Que un planeta tenga un cielo de arcoíris y solo vivan mujeres no quiere decir que todas sus habitantes se sientan especiales ahí. Y aunque las reinas sean ‹superstars› con ‹fandom› propio y celebren todo tipo de festividades ‹queer› a diario, su hija, la princesa Saira, vive en su propio mundo introspectivo a la sombra. Sí, en un Clitópolis soleado, hay espacio para la oscuridad cuando tu novia ‹super-hot› te deja después de dedicarle un laborioso ‹scrapbook› con los mejores momentos de la (corta) relación que han vivido.

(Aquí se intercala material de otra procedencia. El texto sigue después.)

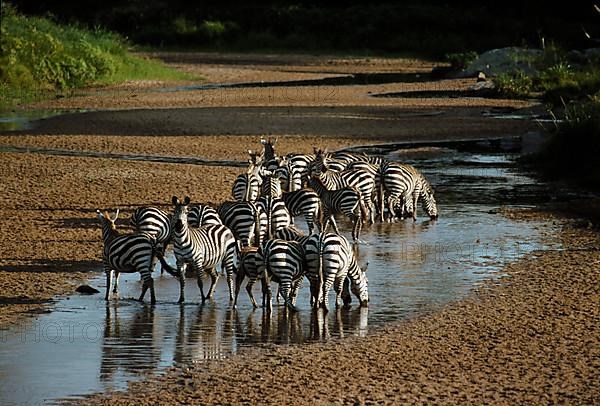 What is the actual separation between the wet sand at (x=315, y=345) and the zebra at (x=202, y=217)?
1.23 metres

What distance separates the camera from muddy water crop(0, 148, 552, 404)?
10398mm

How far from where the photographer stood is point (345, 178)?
1756cm

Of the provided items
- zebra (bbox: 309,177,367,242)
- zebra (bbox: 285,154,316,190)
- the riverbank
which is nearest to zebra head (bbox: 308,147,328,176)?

En un mundo globalizado y lleno de gente dispersa en gustos, filias y sentimientos, los anglicismos sirven para todo y Princesa lesbiana del espacio es la película de animación que se necesitaba para reclamar el descubrimiento personal más emancipador de todos: el amor propio. Vale, esto no es tan novedoso, pero la película es divertida.

La vida nos rodea de estereotipos y las directoras Emma Hough Hobbs y Leela Varghese han querido reírse de todos ellos en una aventura espacial convencional que rompe esquemas de género. Saira, un personaje apocado, que no se valora y por tanto no es capaz de sacar su energía vital, debe salir de su zona de confort bajo la premisa de salvar a su gran amor (y ahora ex-novia). Es la excusa perfecta para que Saira conozca nuevos personajes, nuevos planetas y nuevos retos en los que desarrollar un camino propio en el que experimentar lo desconocido. Si suena tan guay y tan emanzipador es porque es precisamente la intención, crear una película de humor ácido y verborreico que también sea un lugar seguro para todas las criaturas que existen, y si hay que cortarle la cabeza a algún malo, es un hecho que también cabe en este lugar.

No faltan chistes sobre heteropatriarcado, confusiones retóricas y lenguaje inclusive que se hilvana a una presencia visual colorida y creativa, muy próxima al estilo de Hora de aventuras que no duda a la hora de utilizar todo tipo de símbolos sexuales para preformar un universo pluricultural, siempre más próximo a una visión femenina y feminista que hace crecer a su protagonista como persona única e indispensable, aunque por el camino se vea acompañada por una nave machista, una cantante bisexual, una lesbiana engreída, una travesti dominatrix y, su objetivo final, los Machúliens Blancos Heterosexuales. Todos tienen su frases molonas, su intensidad arrebatadora y la lección imprescindible que debe asimilar Saira para convertirse en el personaje especial y único que la película le empuja a ser y, volvemos a la intensidad de libro de autoayuda, sentir ese momento súper especial en el que se da cuenta que ser ella misma y valorarse es lo más.

Por tanto, Princesa lesbiana del espacio es la película disfrutona, de humor inteligente, capaz de abrazar y criticar todas y cada una de las formas de sentir de la gente, colorida y distendida que viene a ocupar su lugar en el momento idóneo. Tiene sus canciones, tiene batallas espaciales y tiene un mensaje predominante que desea hacer crecer a quienes se acerquen a ella. No hay peros cuando una comedia con humor negro consigue que el buenismo oculto no sea pegajoso ni nos aparte de su camino, porque su multirreferencialidad sabe inclinarse hacia el lado positivo de la historia y triunfar cuando los arcoíris prometen iluminar hasta a los que tienen un mal día.